MATERIAL SUPPLIED =>
[Start of Attachment]

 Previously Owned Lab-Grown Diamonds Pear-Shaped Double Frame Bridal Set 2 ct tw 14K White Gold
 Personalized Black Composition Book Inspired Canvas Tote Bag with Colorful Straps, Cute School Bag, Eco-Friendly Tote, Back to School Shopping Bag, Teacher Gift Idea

[End of Attachment]
[Start of Attachment]

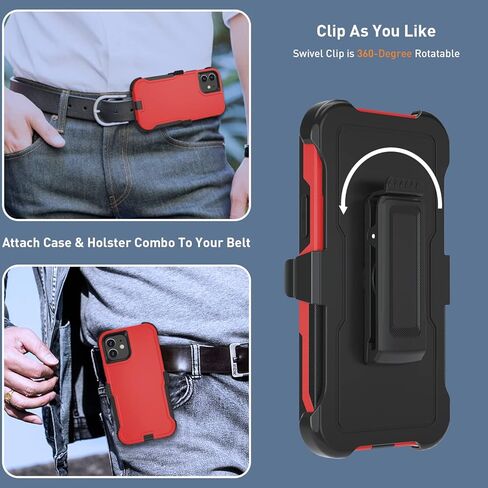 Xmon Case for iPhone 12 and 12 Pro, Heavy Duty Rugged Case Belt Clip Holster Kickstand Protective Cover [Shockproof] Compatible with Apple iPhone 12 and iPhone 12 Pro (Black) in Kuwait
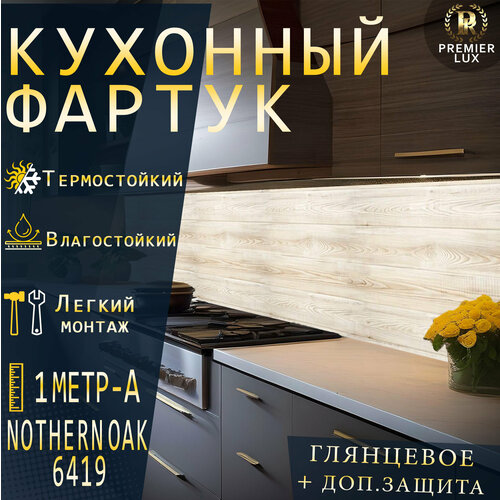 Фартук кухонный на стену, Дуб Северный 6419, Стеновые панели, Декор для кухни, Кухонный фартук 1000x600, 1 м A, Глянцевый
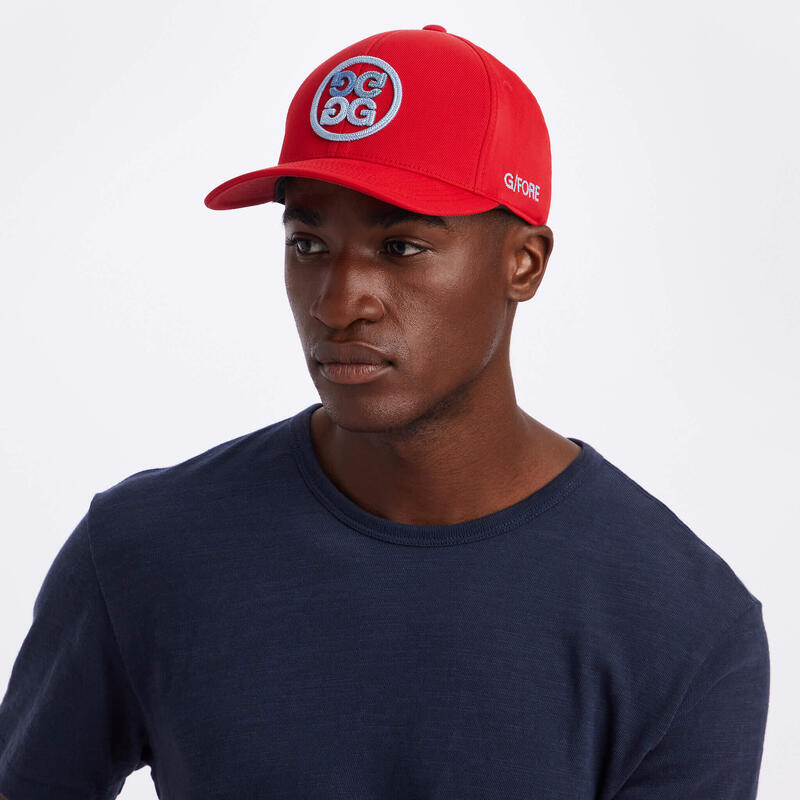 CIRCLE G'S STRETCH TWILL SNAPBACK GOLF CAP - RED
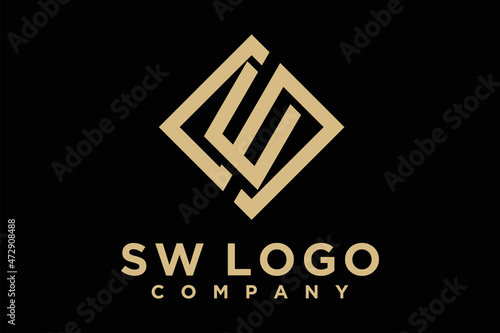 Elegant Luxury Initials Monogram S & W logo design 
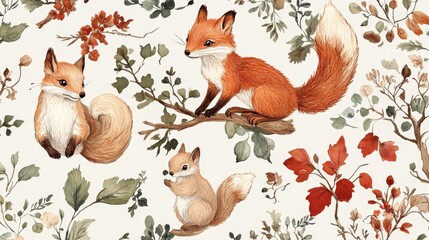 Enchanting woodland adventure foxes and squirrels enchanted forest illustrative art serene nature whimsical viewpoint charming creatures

[End of Attachment]

TO DO =>
Working from the data above, repeat exactly, and only, the lines that begin at the line containing "Xmon Case for" and stop after the line containing "Enchanting woodland adventure"; pictures are not copied.

RESPONSE =>
 Xmon Case for iPhone 12 and 12 Pro, Heavy Duty Rugged Case Belt Clip Holster Kickstand Protective Cover [Shockproof] Compatible with Apple iPhone 12 and iPhone 12 Pro (Black) in Kuwait
 Фартук кухонный на стену, Дуб Северный 6419, Стеновые панели, Декор для кухни, Кухонный фартук 1000x600, 1 м A, Глянцевый
 CIRCLE G'S STRETCH TWILL SNAPBACK GOLF CAP - RED
 Elegant Luxury Initials Monogram S & W logo design 
 Enchanting woodland adventure foxes and squirrels enchanted forest illustrative art serene nature whimsical viewpoint charming creatures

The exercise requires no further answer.